→ **PROBLEM TO SOLVE**
Give the lines again exactly as they appear below, from the line with "Smiling friends hugging in the bedroom at home Smiling" to the line with "Rescue knife with", both included, and only those lines. Leave every picture out.

→ **Short text fragments from websites**
>>>>>
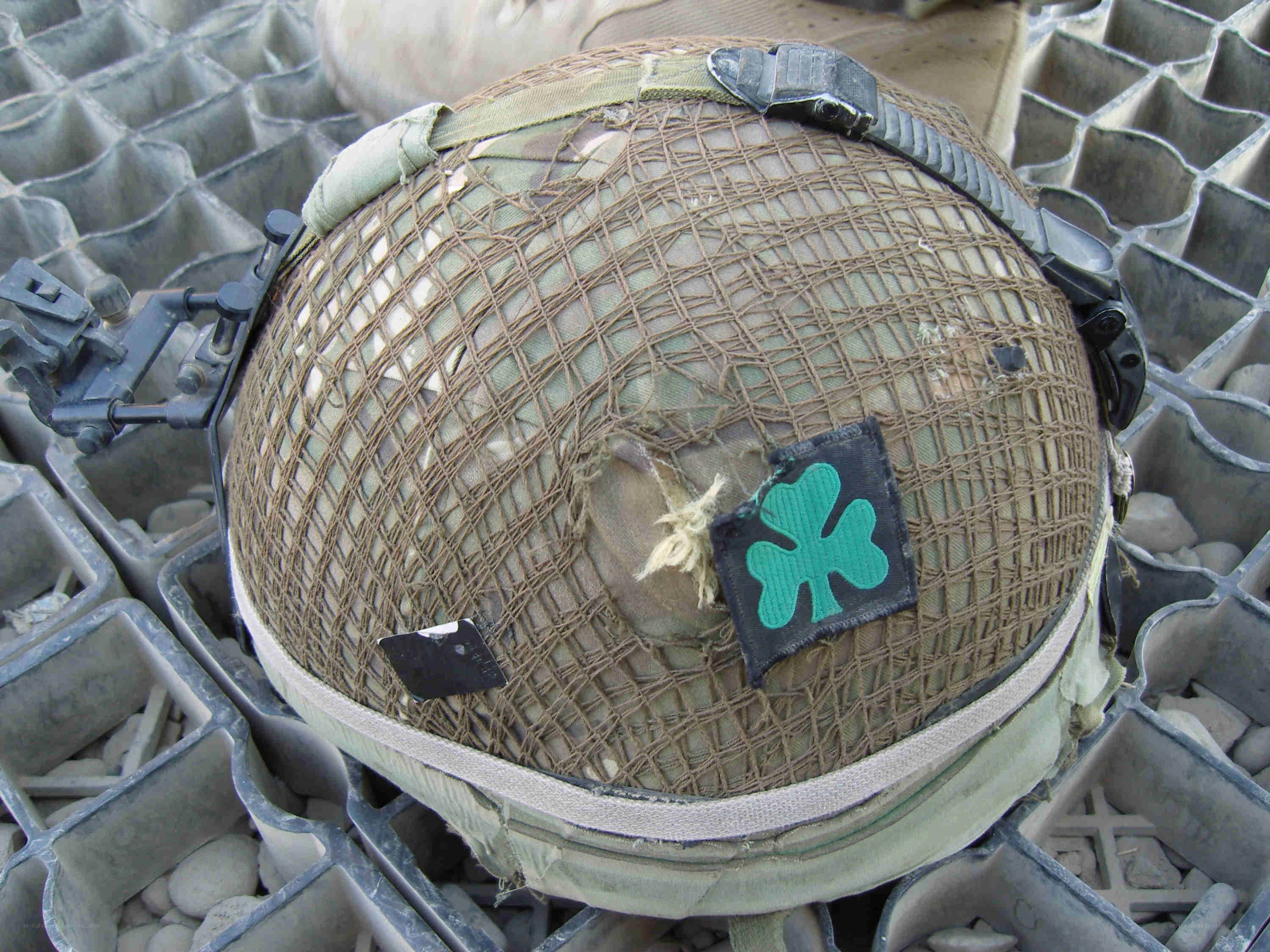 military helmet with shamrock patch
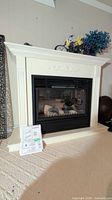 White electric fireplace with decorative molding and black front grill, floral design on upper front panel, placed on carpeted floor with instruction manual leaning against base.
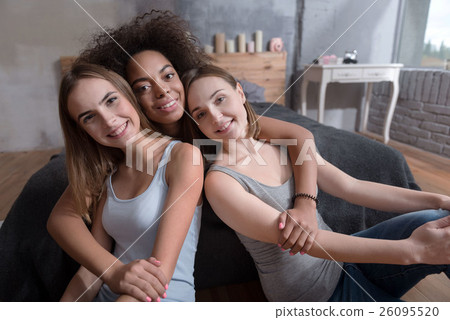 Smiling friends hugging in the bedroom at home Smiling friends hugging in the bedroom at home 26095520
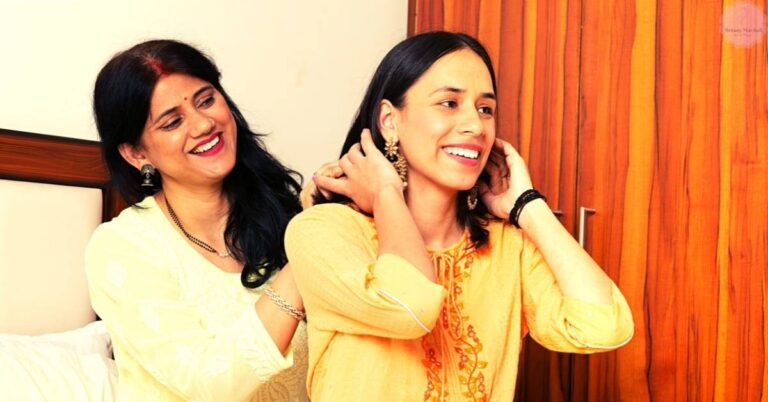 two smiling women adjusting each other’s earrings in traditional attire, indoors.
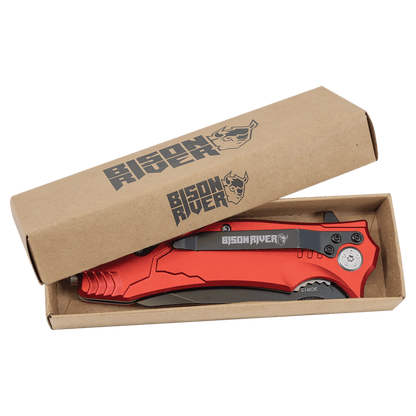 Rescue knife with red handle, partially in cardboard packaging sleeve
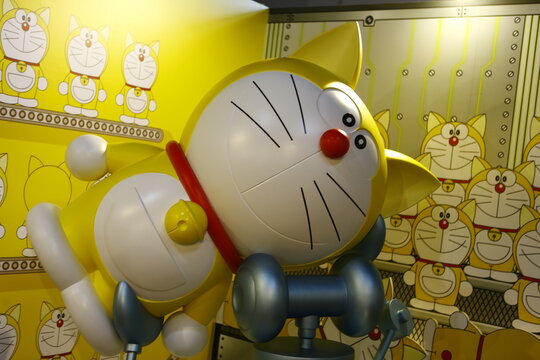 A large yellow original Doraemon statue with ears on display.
<<<<<
→ **ANSWER TO THE EXERCISE**
 Smiling friends hugging in the bedroom at home Smiling friends hugging in the bedroom at home 26095520
 two smiling women adjusting each other’s earrings in traditional attire, indoors.
 Rescue knife with red handle, partially in cardboard packaging sleeve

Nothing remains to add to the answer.